Read chapter 3 then tell us what you think has to be done.

They want to pour the front porch concrete against this wrap where it is untreated OSB behind the wrap.  They already did it where they had to raise the foundation in that area because of an elevation mistake.


----------



## Yankee (Sep 18, 2010)

NO

and no and no


----------



## Daddy-0- (Sep 18, 2010)

Not compliant in my opinion.

Jeff, I appreciate all of the new posts. It is nice to have some fresh material. Thanks.


----------



## Rio (Sep 19, 2010)

No way is that per code and no way is that a good idea.


----------



## fatboy (Sep 19, 2010)

I agree on the no, no, no.........


----------



## jar546 (Sep 19, 2010)

This is what I left behind:


----------



## syarn (Sep 20, 2010)

is the house wrap also the flashing for the window to the left of the pink slip???


----------



## jar546 (Sep 20, 2010)

syarn said:
			
		

> is the house wrap also the flashing for the window to the left of the pink slip???

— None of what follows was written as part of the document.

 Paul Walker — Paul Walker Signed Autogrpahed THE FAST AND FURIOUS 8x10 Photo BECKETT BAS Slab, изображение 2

Nope, flashing not installed yet.  Still waiting to be called for the framing inspection.


----------



## Mac (Sep 20, 2010)

Can't quite read your notice - I think it says "Not no way, not no how".


----------



## Jobsaver (Oct 15, 2010)

Okay for deer camp only!


----------



## TimNY (Oct 15, 2010)

I've seen my fair share of head-shakers.. but you definitely have the market cornered...

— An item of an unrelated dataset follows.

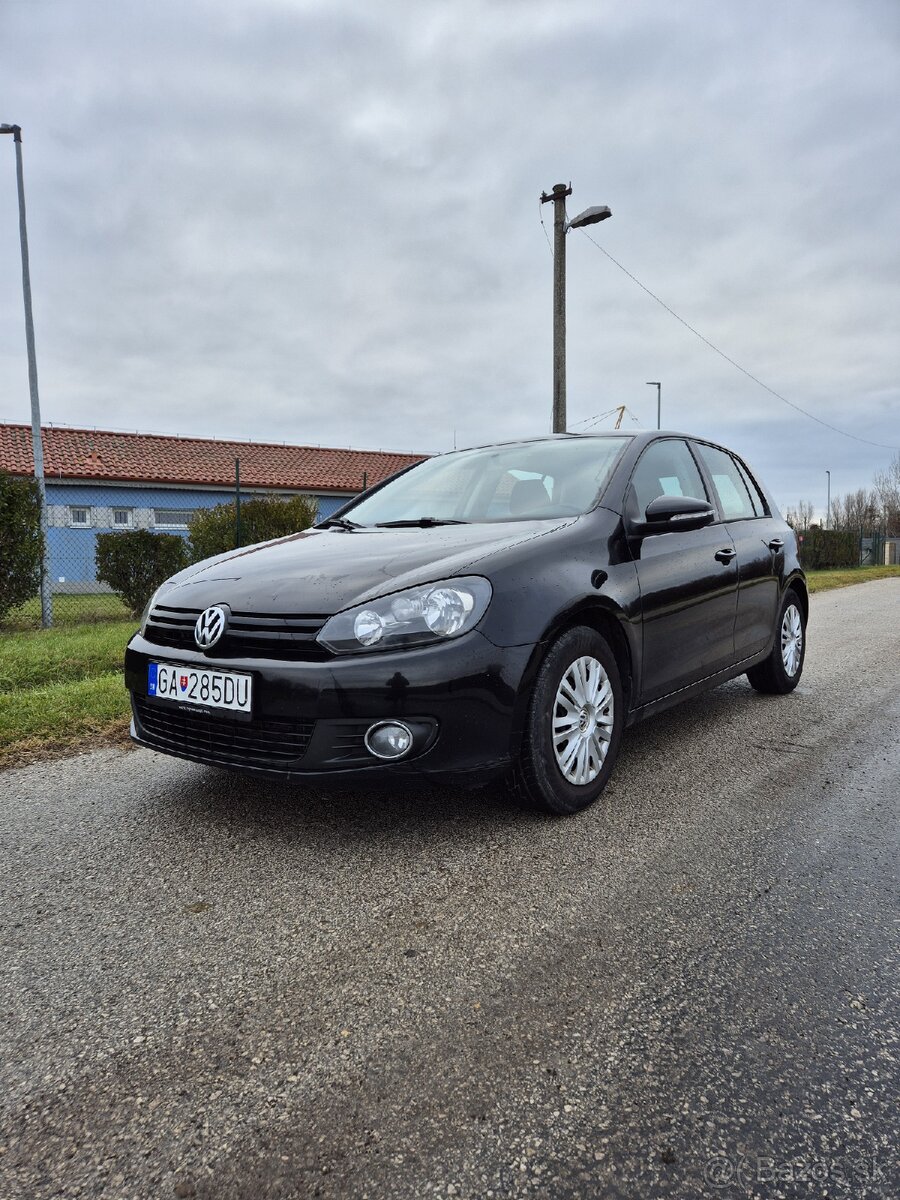 Volkswagen Golf 6 1.2tsi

I have never seen anything like that.


----------



## JBI (Oct 15, 2010)

Have you been sneaking over the Delaware on weekends for these???


----------



## Bootleg (Oct 15, 2010)

Why not install metal flashing?


----------



## peach (Oct 16, 2010)

so wrong, so very wrong... why did they make an "elevation mistake" in the first place?


----------



## RJJ (Oct 16, 2010)

NO! it is not enough protection.


----------



## Pcinspector1 (Oct 18, 2010)

jar,

am I reading your report correctly, DO NOT POUR CONCRETE UNTIL I GET BACK FROM DEER HUNTING! Man your tough on em!

pc1


----------



## beach (Oct 21, 2010)

Careful if they come back with a roll of aluminum flashing to use........... concrete and aluminum don't mix


----------